Taken one end wall and one side wall from Model 1, stress distribution and crack distribution of ALC panels were analyzed under lateral load from two directions. Figure 10 displays the first principal stress distribution of the end wall and the side wall at the elastic ultimate bearing capacity. It could be seen that ALC panels were in tension state along the diagonal. Principal tensile stress was distributed along one diagonal, while principal compressive stress was distributed along the other diagonal. ALC panels were similar to tensile–compressive diagonal braces. Cracks are shown in Figure 11, mainly distributed at diagonal region. In the middle panels, cracks developed relatively rapidly and most elements had been cracked.
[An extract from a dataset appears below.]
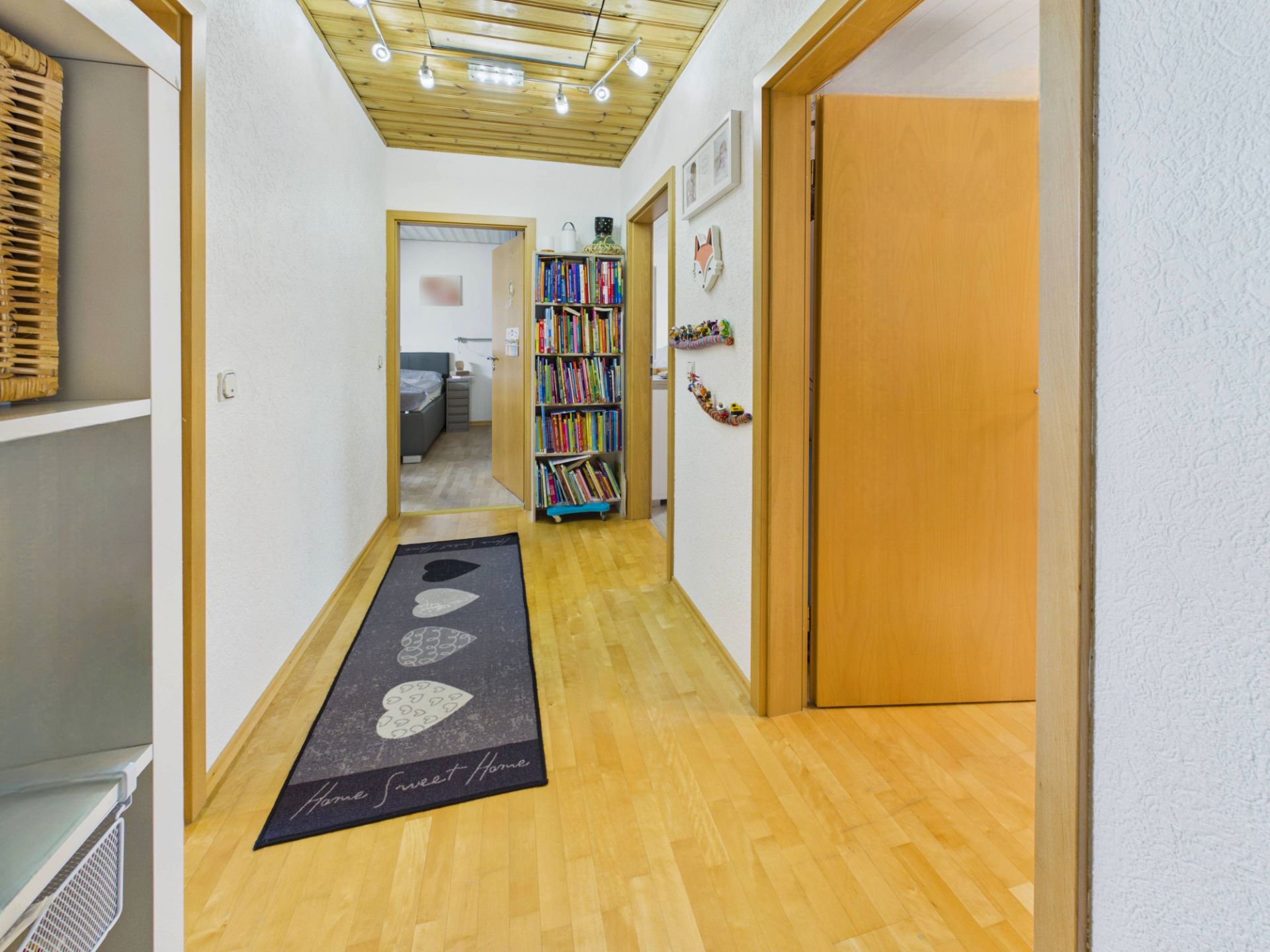 Flur mit Teppichläufer, Bücherregal und sichtbaren Türen zu weiteren Zimmern.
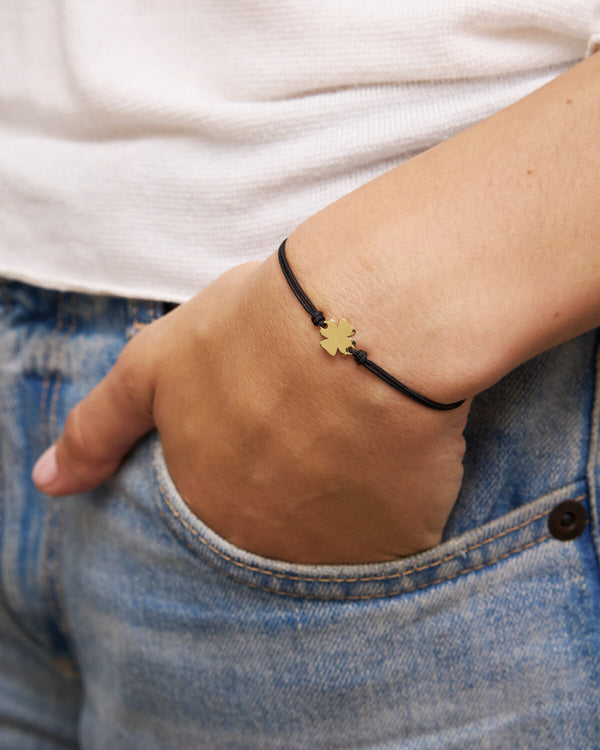 Pulsera de tela negra 1 sujeto trébol de cuatro hojas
At this point, the maximum Von Mises stress of end beams and side beams appeared in flange edge and the values were 229 MPa and 223 MPa, not yet yielded.

First principle stress of (a) end walls and (b) side walls.

Crack distribution of (a) end walls and (b) side walls.
The mechanism of articulated module under lateral load could be summarized as follows: during the elastic state, ALC panels worked together with steel frame and carried the most lateral load; panels were pressed between each other; at the point of elastic ultimate bearing capacity, cracks had developed to a certain extent and horizontal deformation of module began to jump; after that, the lateral stiffness of module gradually declined and deformation increased; the end of the beams first yielded and formed plastic hinges and then the steel frame lost the bearing capacity totally, which in turn transferred all the internal forces of the module to ALC panels; finally, cracks largely developed and the lateral stiffness of the module considerably dropped. Since the number of panels in end wall was less than that in side wall, lateral stiffness provided by the end wall was not strong enough. After the load exceeded elastic ultimate bearing capacity, the end beams had yielded gradually. When plastic hinge formed, end walls had developed large-scale cracks and had almost lost the ability of bearing lateral loads. After that, the load–displacement curve became smooth, as shown in Figure 8.
Mechanism of module under vertical load
Figure 12 displays Model 1 deformation under Load 3 at the load value 1400 kN. The figure indicated that the deformation centered on the column top. Drove by columns, end beams and side beams had bent.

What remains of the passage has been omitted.